When bipolar energy is used, the uterus is distended with normal saline, which carries a lower risk of fluid-related complications than the sugar-based solutions needed for monopolar instruments. The procedure is typically outpatient, and recovery is relatively quick compared to open surgery.
The results can be dramatic. In one study tracking the same women before and after surgery, the live birth rate jumped from 3.7% to 84.6%. Early miscarriage dropped from 80.6% to 8.8%, and preterm delivery fell from 66.7% to 7.0%. When researchers excluded women who had additional complicating conditions like adhesions, polyps, or endometriosis, preterm birth rates after surgery dropped even further, to 4.8%.
Septate vs. Bicornuate Uterus
These two conditions are frequently confused, and the distinction matters enormously. A septate uterus has a normal external shape with an internal dividing wall. A bicornuate uterus has two actual horns, with a visible indentation on the outer surface of the uterus. On imaging, the double endometrial cavities sit closer together in a septate uterus and are more widely spaced in a bicornuate one.

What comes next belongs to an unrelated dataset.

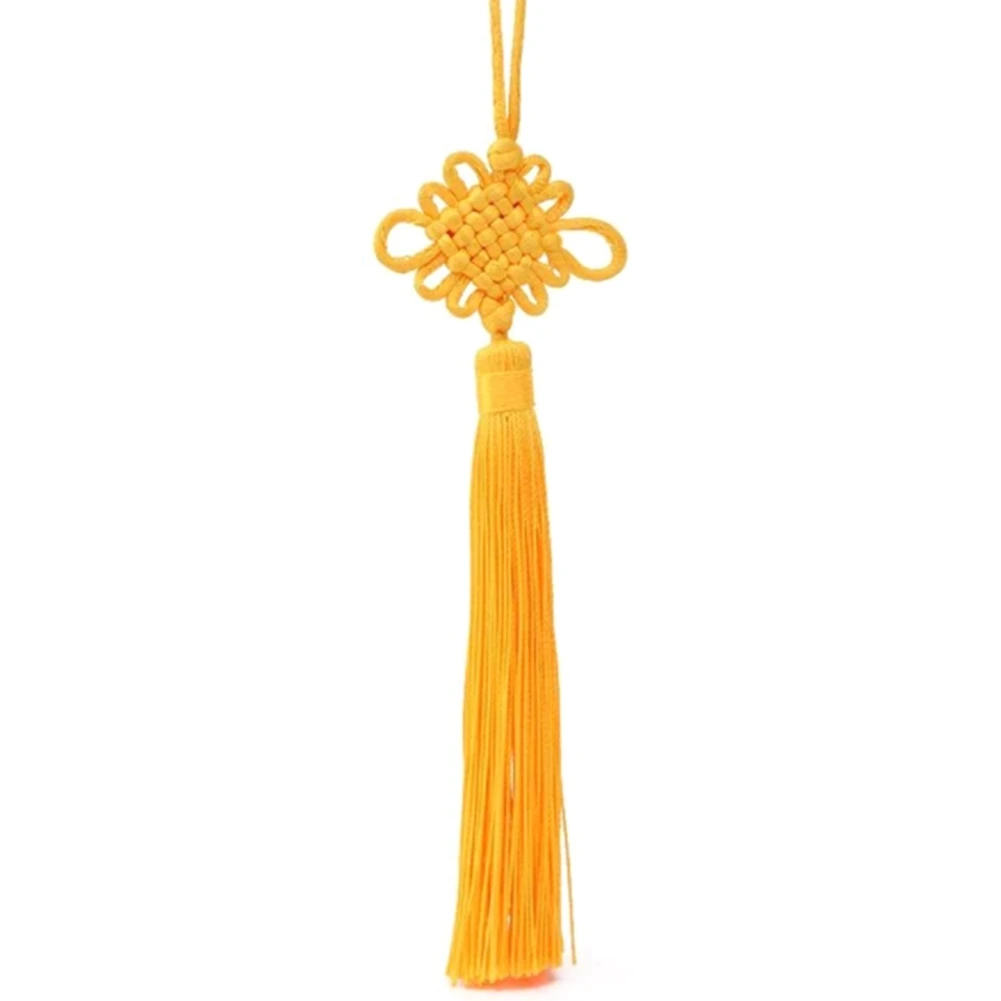 

50 Pcs Handmade Yellow Chinese Knots Soft Tassels Holiday Gift for Spring Festival Special Gift for New Year Decoration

The reason this matters is treatment. A septate uterus can be corrected with a relatively simple hysteroscopic procedure. A bicornuate uterus, if it requires intervention at all, would need a much more invasive abdominal surgery. Misdiagnosing one as the other could lead to either unnecessary major surgery or a missed opportunity for a straightforward fix. This is why 3D imaging that shows both the inside and the outside of the uterus is so valuable for getting the diagnosis right.